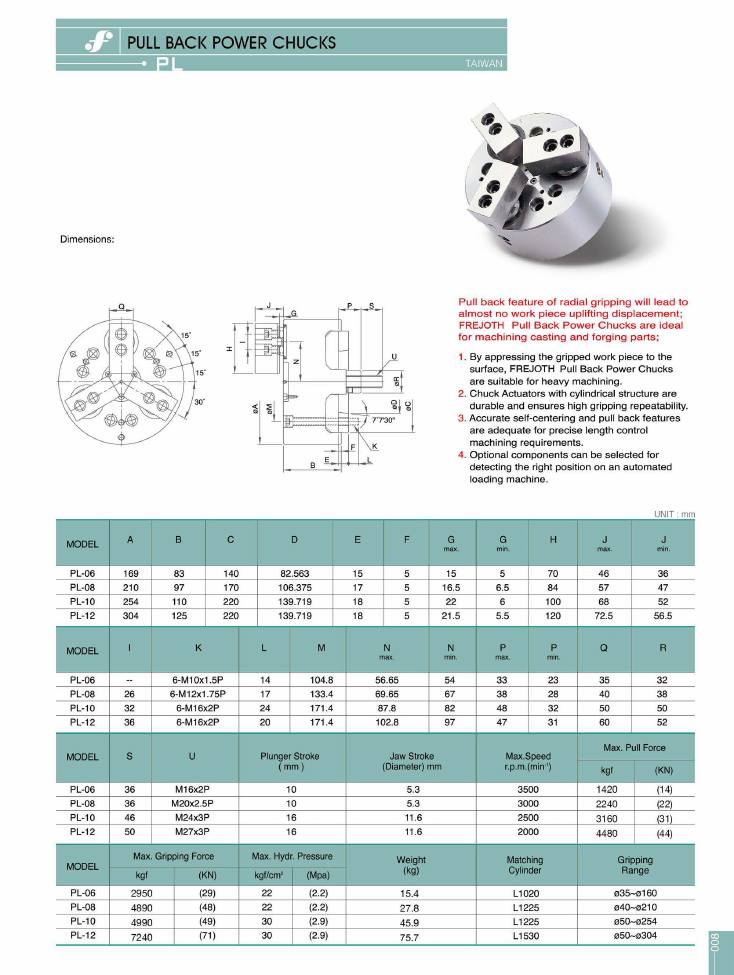 Source Frejoth catalogue page 8 — Pull Back Power Chucks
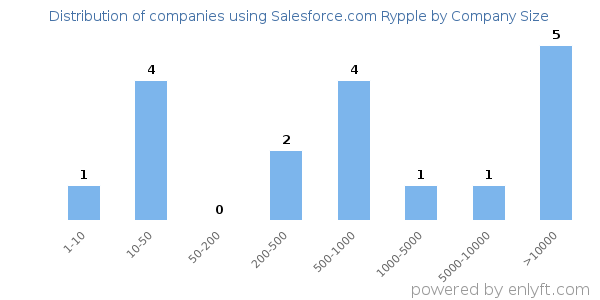 Companies using Salesforce.com Rypple, by size (number of employees)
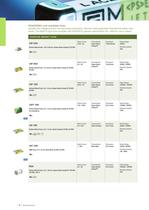 SCHURTER range at a glance-10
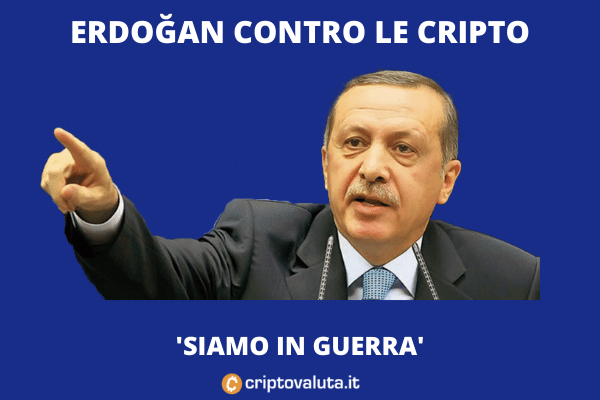 Erdogan contro cripto - no a strategia El Salvador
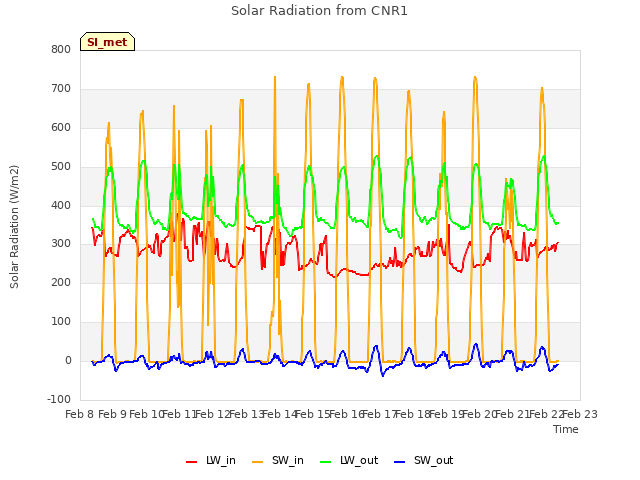 plot of Solar Radiation from CNR1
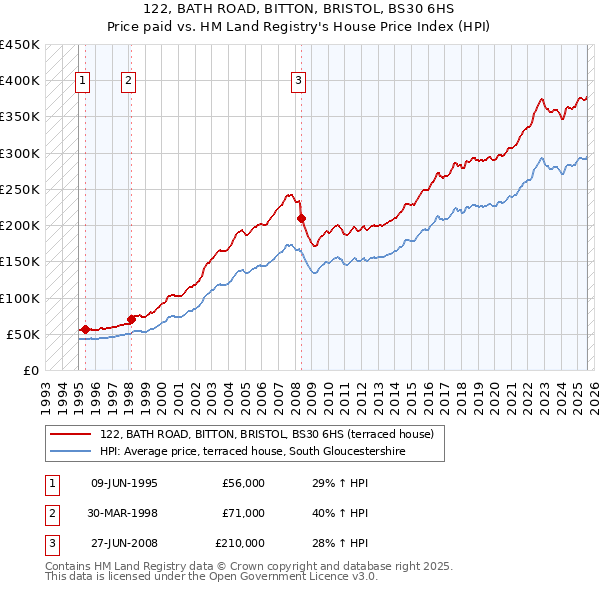122, BATH ROAD, BITTON, BRISTOL, BS30 6HS: Price paid vs HM Land Registry's House Price Index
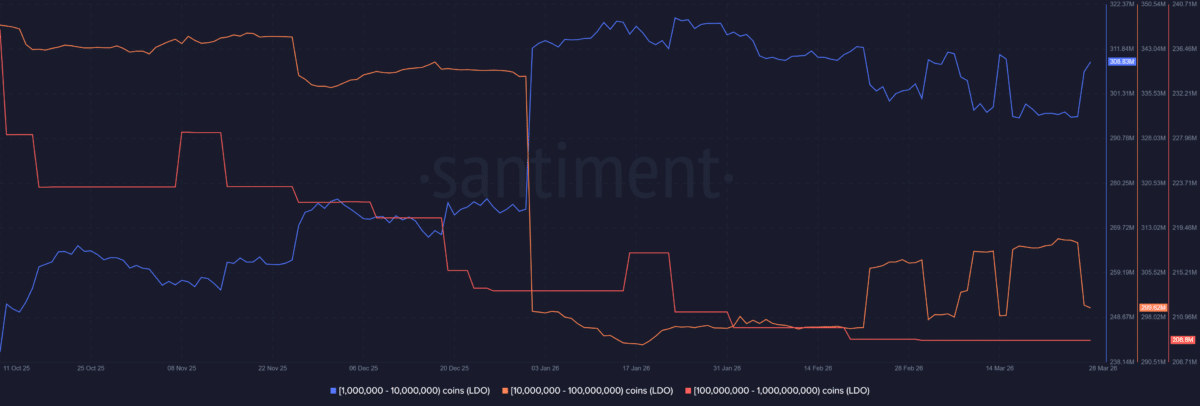 Lido plans 8.5% LDO supply buyback to fix ‘price dislocation’ – Details Lido plans 8.5% LDO supply buyback to fix ‘price dislocation’ – Details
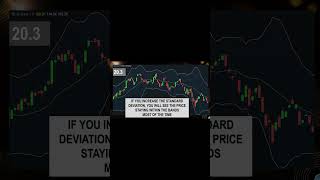 How to Use Bollinger Bands Indicator candlestickformations [upl. by Pegg876]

--------------------

* [TASK DETAILS]: Could you set down nothing but the lines from the one containing "Details Lido plans" through the last line of the records above, both ends included, exactly as given and free of pictures?

* [EXERCISE ANSWER]:
 Lido plans 8.5% LDO supply buyback to fix ‘price dislocation’ – Details Lido plans 8.5% LDO supply buyback to fix ‘price dislocation’ – Details
 How to Use Bollinger Bands Indicator candlestickformations [upl. by Pegg876]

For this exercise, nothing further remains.